> **BRIEF**: Look in the data below for the line that has "Barely worn under armour size 13", then print exactly every line from there through the line that has "5314 River Glen Dr #288 — Photo 4", leaving pictures out.

> **GIVEN RECORDS**:
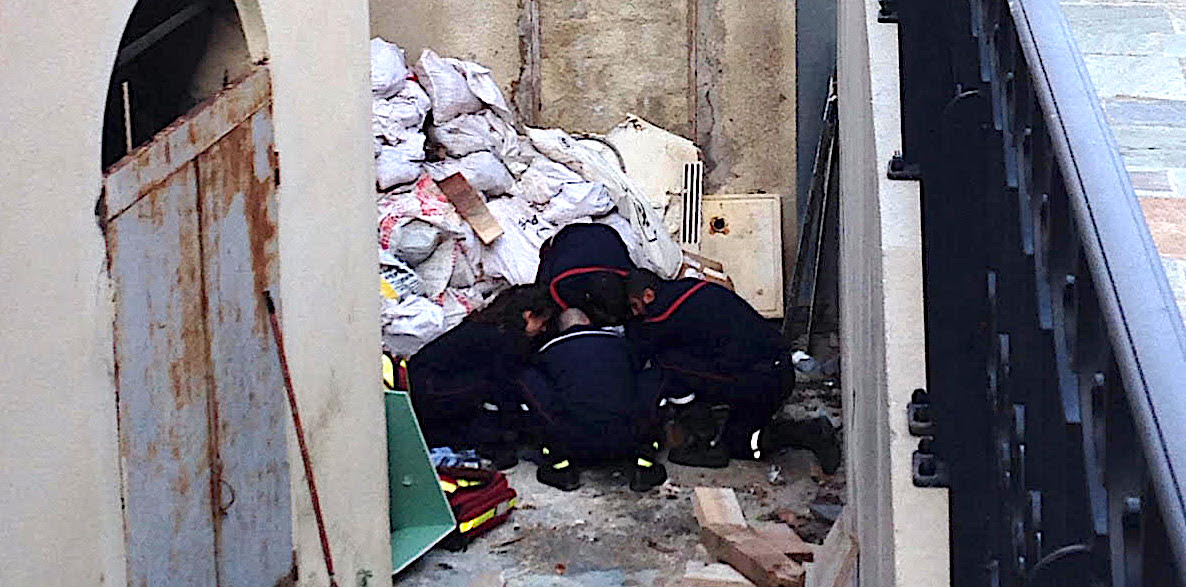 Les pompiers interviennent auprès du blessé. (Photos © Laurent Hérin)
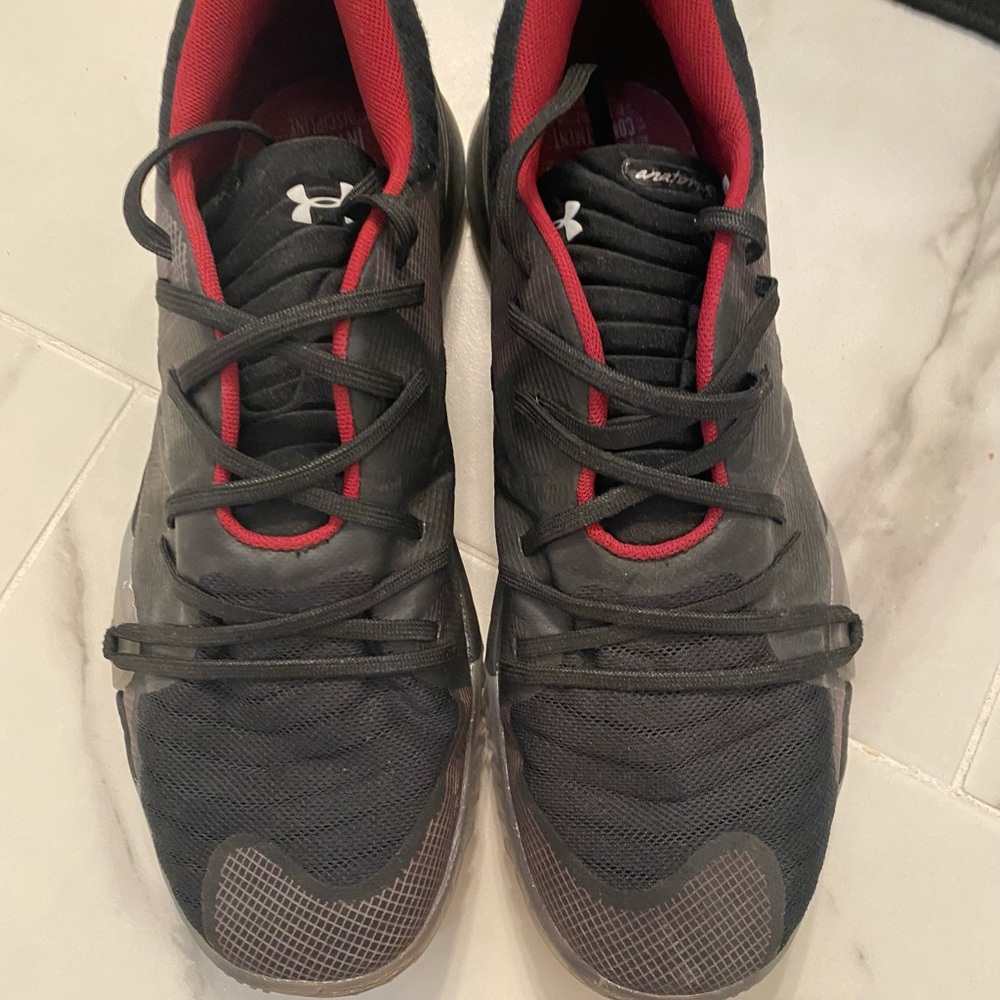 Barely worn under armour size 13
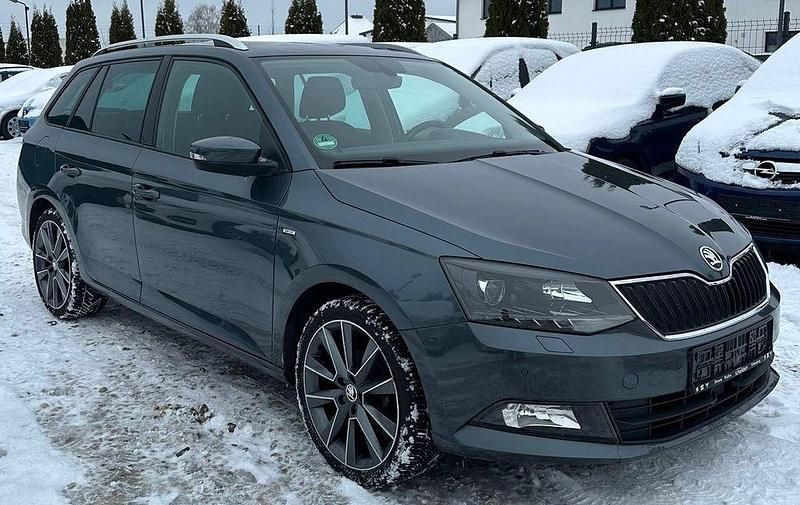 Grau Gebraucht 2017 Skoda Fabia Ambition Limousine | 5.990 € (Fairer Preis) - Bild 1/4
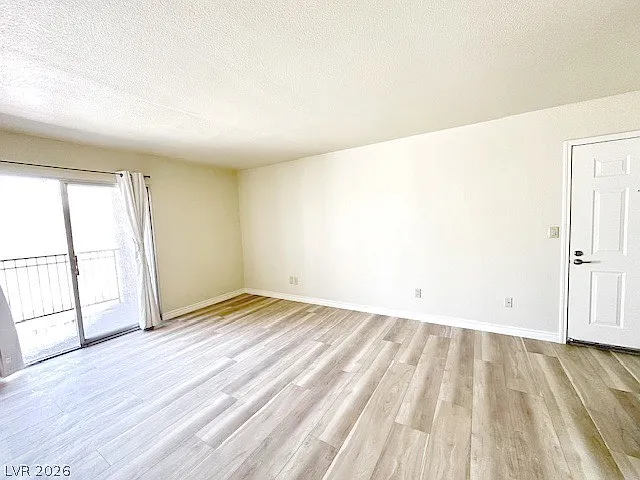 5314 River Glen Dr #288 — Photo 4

* * *

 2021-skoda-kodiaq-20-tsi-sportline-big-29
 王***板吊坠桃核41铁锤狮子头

> **THE ANSWER**:
 Barely worn under armour size 13
 Grau Gebraucht 2017 Skoda Fabia Ambition Limousine | 5.990 € (Fairer Preis) - Bild 1/4
 5314 River Glen Dr #288 — Photo 4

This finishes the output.